Angélique Kidjo, ambassadrice du Fonds des Nations unies pour l’enfance (Unicef) depuis 2002, a placé la lutte contre les mariages forcés et la protection des femmes au cœur de son action. Quelques jours avant la rencontre organisée à Dakar, du lundi 23 au mercredi 25 octobre, par une large coalition régionale d’organisations issues de la société civile* et d’agences onusiennes (ONU Femmes, Fnuap, Unicef) pour mettre fin au mariage des enfants, la chanteuse béninoise a visité le centre des sœurs salésiennes de Don Bosco de Cotonou, où les jeunes filles victimes de violences peuvent bénéficier d’un accompagnement psychologique et d’une formation.
Pourquoi était-il important pour vous de rencontrer ces jeunes filles ?
Angélique Kidjo J’ai grandi dans une famille de garçons et, ce dont je me souviens, c’est la liberté que j’avais en tant que fille. J’étais entourée de garçons qui me protégeaient. J’allais jouer au foot, je grimpais dans les arbres, je faisais du karaté… Je faisais tout avec mes frères et les copains de la rue où j’ai grandi. Je n’ai jamais connu la peur, jamais.
Lorsque j’ai été nommé ambassadrice de l’Unicef, je me suis rendu compte que j’avais eu de la chance, beaucoup de chance même. De nombreuses filles n’ont jamais connu la protection que j’ai eue, l’amour que j’ai reçu pendant mon enfance. Ça m’a déchiré le cœur. Quand on est adulte et qu’on traverse des moments difficiles, où trouve-t-on la force de rebondir ? Dans ses souvenirs, dans sa famille. Moi, je sais que ma famille sera toujours là. Ce n’est malheureusement pas le cas de toutes les jeunes filles que j’ai rencontrées aujourd’hui.
Vous ont-elles confié leurs histoires, leurs souffrances ?
La dernière fille que j’ai vue m’a laissé un sentiment terrible. Elle a été kidnappée. Son père a retrouvé la maison de ses ravisseurs et elle l’a entendu hurler devant la porte : « Je veux ma fille ! Qu’on me rende ma fille ! » Les kidnappeurs sont sortis par-derrière et se sont enfuis avec elle pour la violer pendant toute une nuit. Elle se dit aujourd’hui : « Mon père était à deux pas de moi et il n’a pas pu me sauver… » Vous rendez-vous compte du traumatisme ? De la blessure ? Le mec lui disait : « Je vais te violer et comme ça, tu vas être obligée de te marier avec moi. »

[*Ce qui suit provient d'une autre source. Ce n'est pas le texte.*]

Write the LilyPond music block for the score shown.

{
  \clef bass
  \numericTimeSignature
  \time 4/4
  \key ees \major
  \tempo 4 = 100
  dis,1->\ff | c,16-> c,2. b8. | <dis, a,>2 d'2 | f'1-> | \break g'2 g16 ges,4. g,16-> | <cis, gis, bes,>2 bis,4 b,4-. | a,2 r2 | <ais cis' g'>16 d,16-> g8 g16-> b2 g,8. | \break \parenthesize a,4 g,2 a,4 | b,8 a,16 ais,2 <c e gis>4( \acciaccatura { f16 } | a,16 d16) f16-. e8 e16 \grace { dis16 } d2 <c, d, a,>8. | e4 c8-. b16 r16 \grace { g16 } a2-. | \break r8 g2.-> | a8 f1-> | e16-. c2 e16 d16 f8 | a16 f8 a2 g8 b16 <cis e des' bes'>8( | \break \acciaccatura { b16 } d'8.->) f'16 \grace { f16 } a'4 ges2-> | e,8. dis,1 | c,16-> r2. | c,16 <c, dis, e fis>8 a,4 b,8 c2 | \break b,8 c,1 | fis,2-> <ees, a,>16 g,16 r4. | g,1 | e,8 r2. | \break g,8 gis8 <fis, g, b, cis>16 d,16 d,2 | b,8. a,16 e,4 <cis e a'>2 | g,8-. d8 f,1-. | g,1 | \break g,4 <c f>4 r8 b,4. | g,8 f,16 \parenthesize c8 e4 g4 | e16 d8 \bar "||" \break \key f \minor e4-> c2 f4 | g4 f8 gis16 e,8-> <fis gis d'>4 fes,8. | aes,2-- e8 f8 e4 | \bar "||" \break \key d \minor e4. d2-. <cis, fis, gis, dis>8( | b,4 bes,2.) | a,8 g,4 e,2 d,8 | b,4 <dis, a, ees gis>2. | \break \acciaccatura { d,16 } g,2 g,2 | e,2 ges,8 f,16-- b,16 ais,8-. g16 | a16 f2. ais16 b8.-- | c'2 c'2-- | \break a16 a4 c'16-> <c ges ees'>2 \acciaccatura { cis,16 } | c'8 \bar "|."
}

Car si un homme veut aujourd’hui forcer une fille à l’épouser, il la viole [le rapport sexuel induit par le viol des petites filles est considéré par certaines populations comme une forme de consommation et de contractualisation du mariage]. C’est un cauchemar total ! Les filles souffrent le martyre. Si mon père avait vécu le même traumatisme que le père de cette jeune fille, il serait mort de douleur. Mais qu’est-ce qu’on a fait pour que nos filles subissent cela ? On est au XXIe siècle et on n’est toujours pas capables de préserver nos enfants !
Ces mariages forcés sont-ils liés à une quelconque tradition ?
Non, cela n’a rien à voir avec une coutume ! C’est un nouveau truc. Avant, il y avait une entente entre deux familles et il y avait une dot.
Comment se déroulent les enlèvements ?
Les types ont compris que là où il y avait certains ateliers pour apprendre la couture ou la coiffure, par exemple, il y avait toujours des filles, souvent pauvres, sans parents ni famille à proximité. Alors ils rôdent autour d’elles comme des vautours qui cherchent leur proie. Ils commencent par se renseigner, par poser des questions, pour savoir de quel village elles viennent, si elles ont des frères… Ils arrivent même parfois à soudoyer leur formateur ou leur éducateur.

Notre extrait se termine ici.